Il tumore polmonare (Carcinoma a piccole cellule, Carcinoma non a piccole cellule) è causato da un batterio pseudomonas solanacearum comunemente conosciuto come Ralstonia fig.1,da me individuato, “questo batterio normalmente attacca le solanacee come tabacco,patate e molte altre circa 200 specie, ma può attaccare secondo me anche l’uomo grazie alla sua capacità di adattarsi, provocando il tumore al polmone” .

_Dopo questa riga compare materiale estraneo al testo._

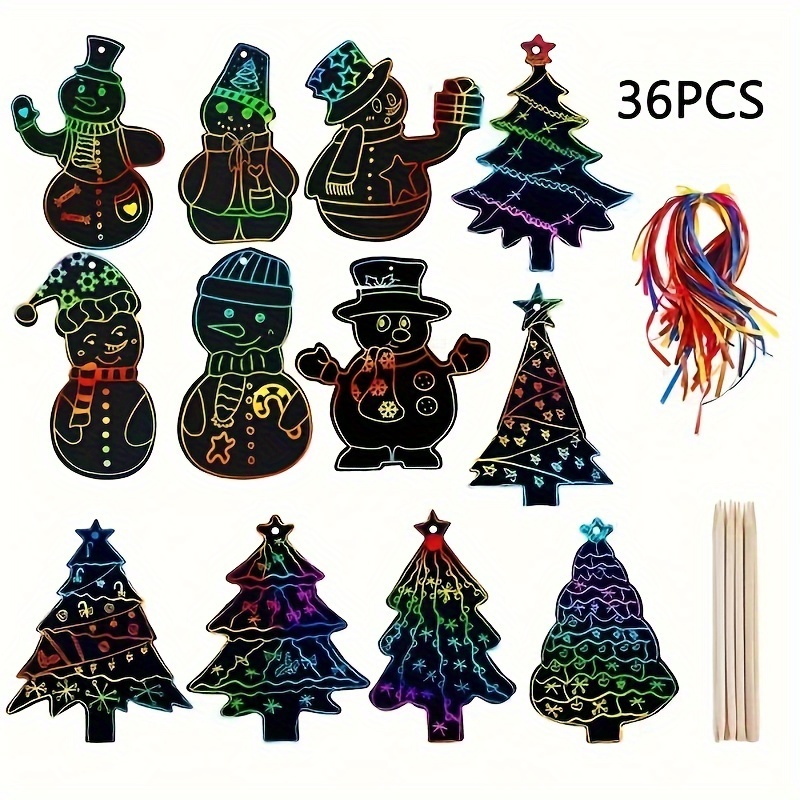 

36pcs 36 Ribbons And 12 Wooden Christmas Ornaments, Suitable For Christmas Crafts Party Supplies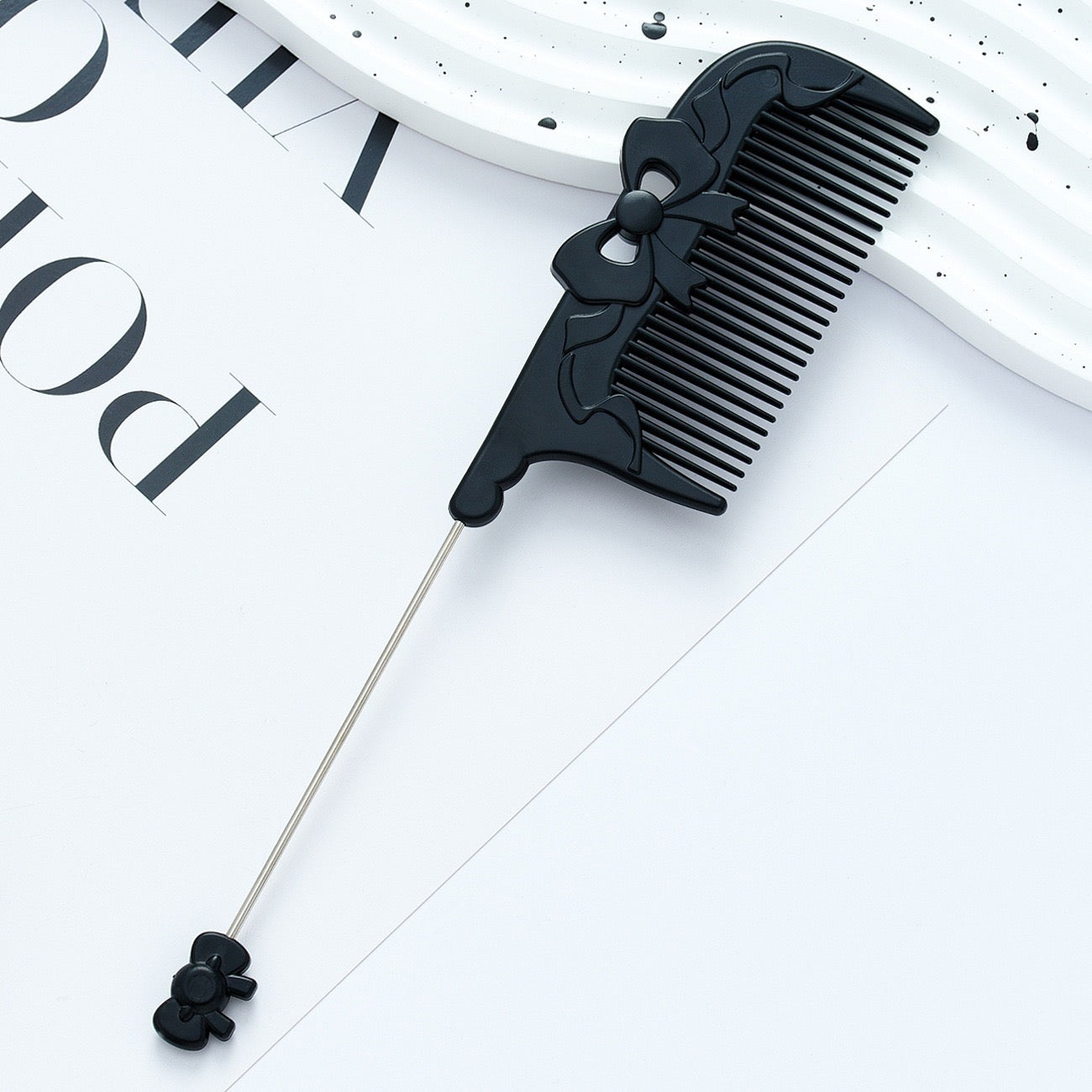 DIY Beadable Bow‑Embossed Comb in Solid Color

Questo batterio causa una mutazione del DNA per deselezione, cioè per perdita di una o più coppie di basi in punti specifici del DNA, ad opera di alcuni enzimi di idrolisi prodotti da questo batterio che idrolizzando i legami dello zucchero desossiribosio nel carbonio 4 con il carbonio 5 provocano la rottura tra i legami esteri del fosforo e dello zucchero in posizione 5 del carbonio, ma non in posizione 3 e alla rottura dei legami glicosidici (depurinazione) tra basi e il desossiribosio per idrolisi per l’aggiunta del gruppo OH che ne modifica la specie chimica causando la perdita per deamminazione del amino-gruppo NH2 (tranne che nella timina per la mancanza del amino-gruppo NH2) provocando la conversione della citosina in uracile,della adenina in ipoxantina e della guanina in xantina le quali basi si legano nel seguente modo: xantina adenina, timina adenina,ipoxantina citosina. Ciò comporta un' alterazione o un' inattivazione di alcuni geni oncosoppressori (gene FHIT, P53, rb). Le quali alterazioni o l'inattivazioni di questi geni oncosoppressori portano alla mancata formazione di alcune proteine, le quali in condizioni normali bloccano il ciclo cellulare e la trasformazione delle cellule normali in tumorali legandosi al DNA e inibendo l’attivazione delle proteine regolatrici le quali bloccherebbero alcuni geni addetti alla replicazione. Ma in presenza dell’inattivazione dei geni onco-soppressori ciò non può avvenire e le proteine non formandosi non legano dunque al DNA e perciò non possono indurre la repressione di proteine regolatrici (Cicline responsabili del corretto svolgimento del ciclo cellulare), bloccando la possibilità di correggere un eventuale errore nei ciclo cellulare, successivamente Il batterio rilascia dei geni detti oncogeni che promuovono la formazione di altre proteine del batterio che scatenano una mitosi incontrollata attivando altri geni che vengono prodotti in modo continuo sviluppando una amplificazione genetica e quindi la formazione di cellule tumorali.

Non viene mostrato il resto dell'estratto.